No começo deste ano, o pagamento para Brazão subiu para R$ 7.991,82 em janeiro e R$ 8.321,09 em março. O valor destoa apenas em fevereiro (referente ao salário de janeiro – época de recesso parlamentar), quando R$ 30.197,41 caíram na conta de Chiquinho.
A Mesa Diretora da Câmara dos Deputados cassou o mandato de Chiquinho Brazão na quinta-feira sob a justificativa de ausência em sessões ordinárias. De acordo com a Constituição, um parlamentar pode ser cassado caso falte em um terço das sessões plenárias.

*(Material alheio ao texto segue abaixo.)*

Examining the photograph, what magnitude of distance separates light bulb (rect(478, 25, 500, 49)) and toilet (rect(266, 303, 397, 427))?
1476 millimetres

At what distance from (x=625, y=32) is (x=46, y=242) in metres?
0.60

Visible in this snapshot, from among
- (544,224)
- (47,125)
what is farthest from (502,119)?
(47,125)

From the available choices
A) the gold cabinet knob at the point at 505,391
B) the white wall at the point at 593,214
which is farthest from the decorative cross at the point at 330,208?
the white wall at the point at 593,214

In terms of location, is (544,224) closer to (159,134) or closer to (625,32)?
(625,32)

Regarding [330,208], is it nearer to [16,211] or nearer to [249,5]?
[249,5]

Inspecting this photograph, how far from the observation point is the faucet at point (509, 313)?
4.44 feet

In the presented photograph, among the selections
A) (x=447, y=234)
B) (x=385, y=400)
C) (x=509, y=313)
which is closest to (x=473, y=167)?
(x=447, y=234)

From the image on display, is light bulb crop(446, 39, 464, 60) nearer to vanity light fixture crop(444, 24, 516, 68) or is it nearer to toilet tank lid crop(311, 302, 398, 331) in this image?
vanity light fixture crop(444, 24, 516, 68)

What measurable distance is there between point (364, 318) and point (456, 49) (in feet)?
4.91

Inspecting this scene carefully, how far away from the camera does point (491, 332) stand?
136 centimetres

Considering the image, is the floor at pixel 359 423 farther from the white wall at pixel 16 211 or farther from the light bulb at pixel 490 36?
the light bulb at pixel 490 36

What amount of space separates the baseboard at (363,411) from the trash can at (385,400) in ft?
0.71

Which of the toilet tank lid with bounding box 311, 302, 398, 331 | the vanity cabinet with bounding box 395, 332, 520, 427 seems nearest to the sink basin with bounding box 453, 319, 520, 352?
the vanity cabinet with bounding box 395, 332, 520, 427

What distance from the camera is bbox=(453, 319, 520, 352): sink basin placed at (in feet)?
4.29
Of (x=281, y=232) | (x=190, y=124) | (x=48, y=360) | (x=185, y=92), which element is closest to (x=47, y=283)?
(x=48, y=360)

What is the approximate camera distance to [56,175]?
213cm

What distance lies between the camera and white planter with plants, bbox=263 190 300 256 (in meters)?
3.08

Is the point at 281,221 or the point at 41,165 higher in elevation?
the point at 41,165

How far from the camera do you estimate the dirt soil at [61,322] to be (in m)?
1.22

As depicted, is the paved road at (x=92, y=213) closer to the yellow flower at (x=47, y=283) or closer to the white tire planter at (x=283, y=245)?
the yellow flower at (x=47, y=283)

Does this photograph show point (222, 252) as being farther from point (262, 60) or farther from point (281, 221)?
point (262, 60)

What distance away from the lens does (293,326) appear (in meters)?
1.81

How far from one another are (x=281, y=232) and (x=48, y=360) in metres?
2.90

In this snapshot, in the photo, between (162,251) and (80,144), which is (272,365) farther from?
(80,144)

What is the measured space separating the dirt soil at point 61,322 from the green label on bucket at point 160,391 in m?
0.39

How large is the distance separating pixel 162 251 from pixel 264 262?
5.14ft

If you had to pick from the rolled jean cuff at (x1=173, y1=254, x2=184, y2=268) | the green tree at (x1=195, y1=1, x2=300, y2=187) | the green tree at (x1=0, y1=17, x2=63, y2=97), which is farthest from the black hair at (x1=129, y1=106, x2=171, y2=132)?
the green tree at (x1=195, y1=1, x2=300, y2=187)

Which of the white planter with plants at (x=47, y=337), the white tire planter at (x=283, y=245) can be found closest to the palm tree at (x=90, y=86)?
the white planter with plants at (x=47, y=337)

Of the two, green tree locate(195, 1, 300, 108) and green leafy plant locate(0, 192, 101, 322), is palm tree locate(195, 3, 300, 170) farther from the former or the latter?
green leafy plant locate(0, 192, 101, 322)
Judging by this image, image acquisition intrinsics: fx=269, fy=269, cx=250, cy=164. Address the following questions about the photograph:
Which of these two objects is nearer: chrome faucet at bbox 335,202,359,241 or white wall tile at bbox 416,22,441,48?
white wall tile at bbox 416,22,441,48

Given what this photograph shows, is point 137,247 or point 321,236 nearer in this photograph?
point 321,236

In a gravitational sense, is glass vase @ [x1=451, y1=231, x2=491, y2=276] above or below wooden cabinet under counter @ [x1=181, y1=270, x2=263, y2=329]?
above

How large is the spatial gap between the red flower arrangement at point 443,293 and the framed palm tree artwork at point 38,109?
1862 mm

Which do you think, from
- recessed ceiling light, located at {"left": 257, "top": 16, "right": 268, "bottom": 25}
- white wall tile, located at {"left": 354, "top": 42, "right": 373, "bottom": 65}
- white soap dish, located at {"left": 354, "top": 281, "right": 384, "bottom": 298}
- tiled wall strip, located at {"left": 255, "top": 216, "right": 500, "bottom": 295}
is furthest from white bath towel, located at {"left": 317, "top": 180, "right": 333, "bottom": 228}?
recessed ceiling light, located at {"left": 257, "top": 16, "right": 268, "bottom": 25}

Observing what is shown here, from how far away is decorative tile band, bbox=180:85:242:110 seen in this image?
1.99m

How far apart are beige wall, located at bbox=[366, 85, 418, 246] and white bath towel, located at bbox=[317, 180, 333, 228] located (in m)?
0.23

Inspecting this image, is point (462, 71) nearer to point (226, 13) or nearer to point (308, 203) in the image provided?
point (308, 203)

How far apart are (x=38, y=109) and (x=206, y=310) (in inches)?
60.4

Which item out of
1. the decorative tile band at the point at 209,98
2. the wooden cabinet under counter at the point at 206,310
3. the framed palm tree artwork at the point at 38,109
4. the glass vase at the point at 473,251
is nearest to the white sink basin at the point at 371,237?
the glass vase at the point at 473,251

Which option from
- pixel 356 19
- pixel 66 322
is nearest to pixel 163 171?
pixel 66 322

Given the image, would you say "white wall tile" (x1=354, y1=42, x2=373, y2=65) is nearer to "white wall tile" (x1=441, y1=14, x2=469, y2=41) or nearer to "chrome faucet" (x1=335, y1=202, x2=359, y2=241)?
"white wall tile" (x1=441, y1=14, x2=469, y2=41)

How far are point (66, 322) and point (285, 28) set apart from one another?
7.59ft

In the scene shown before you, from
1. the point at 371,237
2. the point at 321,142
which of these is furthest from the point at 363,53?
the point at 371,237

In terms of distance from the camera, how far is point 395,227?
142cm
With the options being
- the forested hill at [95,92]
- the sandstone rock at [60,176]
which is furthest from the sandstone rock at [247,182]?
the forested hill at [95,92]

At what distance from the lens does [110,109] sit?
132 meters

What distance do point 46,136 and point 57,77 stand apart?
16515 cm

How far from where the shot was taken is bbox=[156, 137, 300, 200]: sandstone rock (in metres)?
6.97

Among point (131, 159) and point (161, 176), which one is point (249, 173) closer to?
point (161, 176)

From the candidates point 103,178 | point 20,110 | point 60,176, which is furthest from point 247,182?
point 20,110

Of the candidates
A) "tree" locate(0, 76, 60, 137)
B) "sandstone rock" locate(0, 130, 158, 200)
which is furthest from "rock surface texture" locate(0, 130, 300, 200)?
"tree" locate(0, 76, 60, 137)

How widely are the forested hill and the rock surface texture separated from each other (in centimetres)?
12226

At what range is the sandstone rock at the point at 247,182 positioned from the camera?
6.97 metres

No caso de Brazão, foram ao menos 100 faltas registradas no sistema da Câmara dos Deputados. No seu período preso, o parlamentar não chegou a pedir o afastamento. A cassação do mandato pela Mesa não deixa o carioca inelegível.
A decisão pela cassação de Chiquinho Brazão tem sido interpretada internamente como uma manobra da Câmara para evitar o andamento do processo de cassação no plenário. Isso porque, mesmo afastado, Brazão tem uma base sólida de aliados no Salão Verde que querem evitar sua inelegibilidade.
Manutenção do gabinete
Além dos salários de Chiquinho Brazão, a Câmara sustentou por um ano os salários de assessores ligados ao ex-parlamentar. Ao todo, 24 secretários parlamentares tiveram seus salários pagos integralmente pela Casa entre abril de 2024 e março deste ano, com salários que variam de R$ 1,6 mil e R$ 36 mil.

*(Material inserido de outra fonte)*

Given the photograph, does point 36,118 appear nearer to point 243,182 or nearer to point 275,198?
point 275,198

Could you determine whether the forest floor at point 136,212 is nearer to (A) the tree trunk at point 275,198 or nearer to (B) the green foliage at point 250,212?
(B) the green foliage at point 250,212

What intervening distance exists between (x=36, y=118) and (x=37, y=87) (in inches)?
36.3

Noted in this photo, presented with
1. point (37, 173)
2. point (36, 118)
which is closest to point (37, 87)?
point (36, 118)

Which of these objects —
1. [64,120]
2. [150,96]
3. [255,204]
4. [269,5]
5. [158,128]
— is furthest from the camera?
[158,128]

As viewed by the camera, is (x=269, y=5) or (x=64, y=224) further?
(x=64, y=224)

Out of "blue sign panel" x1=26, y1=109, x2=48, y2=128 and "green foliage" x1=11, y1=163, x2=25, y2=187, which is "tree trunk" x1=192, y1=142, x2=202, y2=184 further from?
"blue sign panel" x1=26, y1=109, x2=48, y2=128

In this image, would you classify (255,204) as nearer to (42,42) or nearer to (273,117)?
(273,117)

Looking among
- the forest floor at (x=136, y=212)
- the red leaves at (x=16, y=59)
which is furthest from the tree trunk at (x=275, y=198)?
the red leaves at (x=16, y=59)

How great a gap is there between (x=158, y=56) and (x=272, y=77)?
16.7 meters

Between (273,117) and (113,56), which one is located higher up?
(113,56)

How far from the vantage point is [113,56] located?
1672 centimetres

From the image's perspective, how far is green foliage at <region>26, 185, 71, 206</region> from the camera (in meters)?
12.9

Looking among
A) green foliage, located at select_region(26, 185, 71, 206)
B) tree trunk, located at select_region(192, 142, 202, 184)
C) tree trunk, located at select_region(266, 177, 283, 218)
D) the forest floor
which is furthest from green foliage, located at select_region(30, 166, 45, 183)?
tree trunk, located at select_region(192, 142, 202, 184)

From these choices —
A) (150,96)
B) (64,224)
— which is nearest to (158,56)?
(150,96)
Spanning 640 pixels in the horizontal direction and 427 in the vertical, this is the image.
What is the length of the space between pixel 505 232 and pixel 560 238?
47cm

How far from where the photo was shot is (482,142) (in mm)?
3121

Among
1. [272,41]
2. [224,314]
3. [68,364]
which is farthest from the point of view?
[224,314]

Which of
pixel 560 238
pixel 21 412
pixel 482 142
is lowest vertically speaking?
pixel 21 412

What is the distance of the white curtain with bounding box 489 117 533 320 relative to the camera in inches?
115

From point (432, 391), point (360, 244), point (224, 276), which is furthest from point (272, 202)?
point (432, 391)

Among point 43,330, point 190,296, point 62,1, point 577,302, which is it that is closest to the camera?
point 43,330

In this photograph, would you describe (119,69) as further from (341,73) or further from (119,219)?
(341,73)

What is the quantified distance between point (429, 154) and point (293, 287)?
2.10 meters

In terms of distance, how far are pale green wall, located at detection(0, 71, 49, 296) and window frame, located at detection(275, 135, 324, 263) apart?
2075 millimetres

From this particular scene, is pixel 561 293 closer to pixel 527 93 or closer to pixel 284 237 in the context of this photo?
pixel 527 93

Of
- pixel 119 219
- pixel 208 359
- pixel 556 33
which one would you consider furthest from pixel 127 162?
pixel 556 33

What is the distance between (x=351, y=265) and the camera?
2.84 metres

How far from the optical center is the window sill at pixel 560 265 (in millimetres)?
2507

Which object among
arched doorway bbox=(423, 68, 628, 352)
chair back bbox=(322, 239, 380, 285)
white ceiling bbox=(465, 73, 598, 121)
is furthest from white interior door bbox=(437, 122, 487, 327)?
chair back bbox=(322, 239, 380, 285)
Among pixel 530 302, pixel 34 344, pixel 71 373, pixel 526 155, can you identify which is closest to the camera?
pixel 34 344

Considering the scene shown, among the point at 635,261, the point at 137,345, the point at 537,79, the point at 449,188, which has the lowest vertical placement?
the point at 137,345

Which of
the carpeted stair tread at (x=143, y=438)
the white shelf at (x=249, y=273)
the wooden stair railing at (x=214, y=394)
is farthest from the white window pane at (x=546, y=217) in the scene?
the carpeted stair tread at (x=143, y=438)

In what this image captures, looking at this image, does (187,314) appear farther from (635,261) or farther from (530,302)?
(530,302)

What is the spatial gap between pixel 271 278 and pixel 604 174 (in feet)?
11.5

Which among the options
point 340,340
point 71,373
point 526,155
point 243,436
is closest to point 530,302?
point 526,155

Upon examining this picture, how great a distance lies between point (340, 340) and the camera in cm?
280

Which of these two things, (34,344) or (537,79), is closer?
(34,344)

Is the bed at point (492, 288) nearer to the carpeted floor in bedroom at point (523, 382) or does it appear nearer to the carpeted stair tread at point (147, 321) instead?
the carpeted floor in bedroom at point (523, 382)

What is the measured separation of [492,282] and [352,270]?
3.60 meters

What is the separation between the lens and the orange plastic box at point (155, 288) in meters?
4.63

Por mês, os 513 deputados recebem R$ 125.478,69 extras para bancar seus assessores mensalmente, seja funcionários em Brasília ou em suas bases eleitorais. Entre abril e novembro de 2024, a Câmara pagou R$ 994.275,27 de cota parlamentar para sustentar os assessores de Brazão.

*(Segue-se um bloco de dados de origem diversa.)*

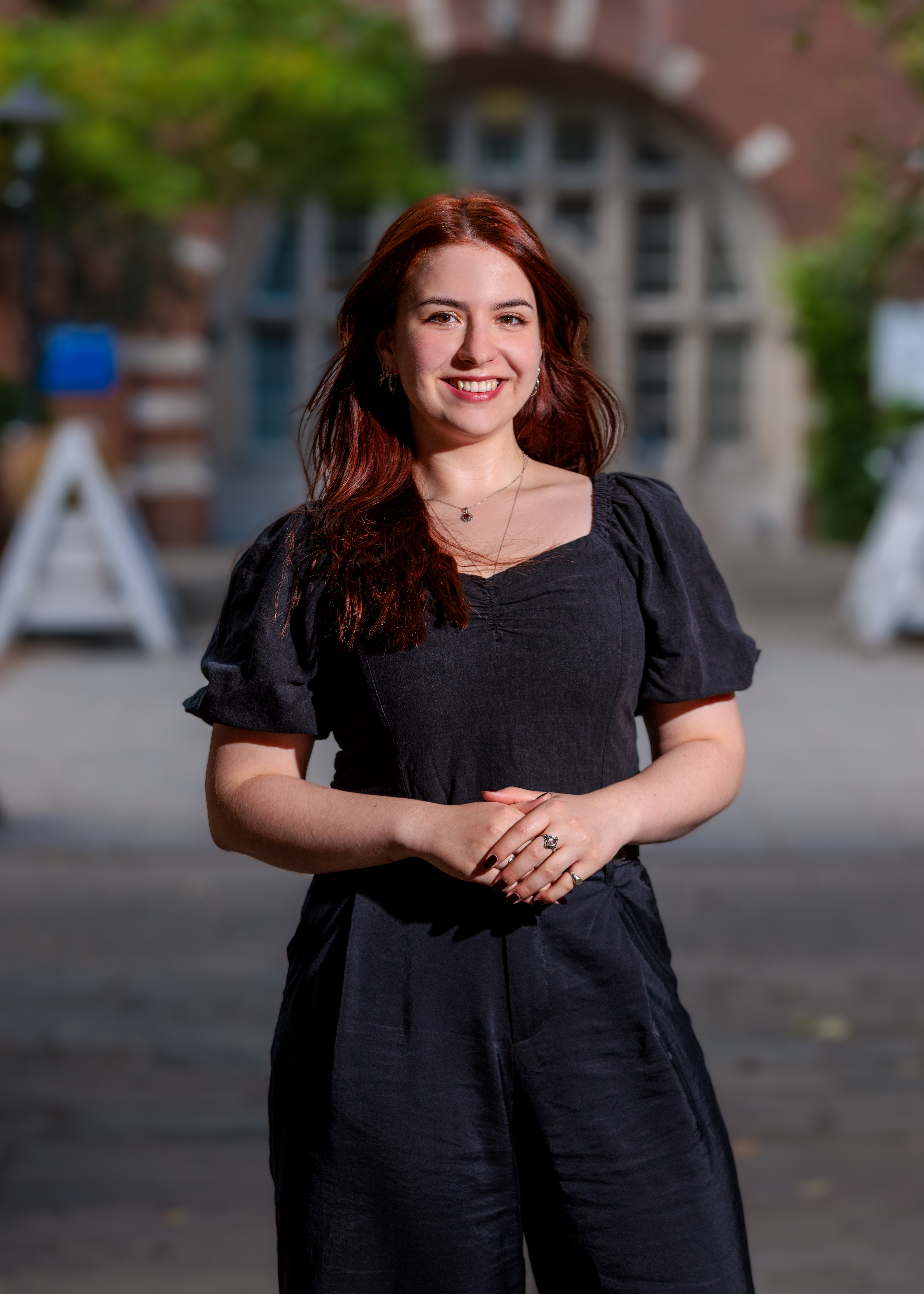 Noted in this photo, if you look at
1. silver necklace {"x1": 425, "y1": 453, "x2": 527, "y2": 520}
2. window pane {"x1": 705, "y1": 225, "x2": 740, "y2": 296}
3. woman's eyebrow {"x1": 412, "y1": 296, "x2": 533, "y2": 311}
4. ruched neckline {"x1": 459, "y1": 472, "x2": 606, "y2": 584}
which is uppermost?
window pane {"x1": 705, "y1": 225, "x2": 740, "y2": 296}

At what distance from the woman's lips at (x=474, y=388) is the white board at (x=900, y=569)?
28.5 feet

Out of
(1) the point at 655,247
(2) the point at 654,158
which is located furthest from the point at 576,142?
(1) the point at 655,247

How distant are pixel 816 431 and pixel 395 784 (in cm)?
1771

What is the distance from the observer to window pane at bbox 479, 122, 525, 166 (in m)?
19.4

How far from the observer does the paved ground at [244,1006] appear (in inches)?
129

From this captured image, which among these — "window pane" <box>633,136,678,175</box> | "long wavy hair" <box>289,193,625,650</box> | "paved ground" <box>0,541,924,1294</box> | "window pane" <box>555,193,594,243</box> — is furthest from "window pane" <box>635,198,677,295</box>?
"long wavy hair" <box>289,193,625,650</box>

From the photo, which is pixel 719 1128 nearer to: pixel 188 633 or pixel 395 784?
pixel 395 784

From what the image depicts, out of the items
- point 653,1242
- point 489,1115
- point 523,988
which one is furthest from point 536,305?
point 653,1242

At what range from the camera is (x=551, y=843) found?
1691 mm

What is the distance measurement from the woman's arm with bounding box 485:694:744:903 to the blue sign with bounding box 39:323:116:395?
10.8 metres

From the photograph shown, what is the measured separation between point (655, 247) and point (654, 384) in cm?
162

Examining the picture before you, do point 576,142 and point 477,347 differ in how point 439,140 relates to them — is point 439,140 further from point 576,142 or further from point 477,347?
point 477,347

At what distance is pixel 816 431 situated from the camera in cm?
1889

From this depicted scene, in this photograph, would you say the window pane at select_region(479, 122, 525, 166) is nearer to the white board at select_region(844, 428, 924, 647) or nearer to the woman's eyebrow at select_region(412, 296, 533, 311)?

Entre janeiro e março deste ano, a Câmara gastou R$ 445.740,22 com os salários dos servidores lotados no gabinete do carioca. A média da cota parlamentar por mês é de R$ 148,5 mil.
Preso, mas ativo
Quando ainda era deputado, Chiquinho Brazão indicou R$ 37,8 milhões de emendas parlamentares na Lei Orçamentária Anual (LOA) de 2024. Desse total, R$ 21,2 milhões foram pagos pelo governo federal.
A maior emenda foi paga para o estado do Rio de Janeiro, no valor de R$ 10.371.585,00, para o investimentos em saúde e ambulatorial para o cumprimento de metas no setor. A menor emenda destinada foi R$ 200 mil para fomento à cultura.
Além da indicação de emendas, Brazão assinou 20 requerimentos de deputados. A maioria deles é de registro ou criação de Frentes Parlamentares. O último documento assinado por Brazão foi no dia 18 de março, referente à Frente Parlamentar da Baixada Fluminense.
Além dos requerimentos de colegas, o ex-parlamentar chegou a assinar a tramitação de uma Proposta de Emenda à Constituição (PEC) que prevê condições especiais de trabalho do motorista profissional empregado no transporte rodoviário de cargas e de passageiros. O último documento protocolado por ele foi o recurso do pedido de cassação na Comissão de Constituição e Justiça (CCJ).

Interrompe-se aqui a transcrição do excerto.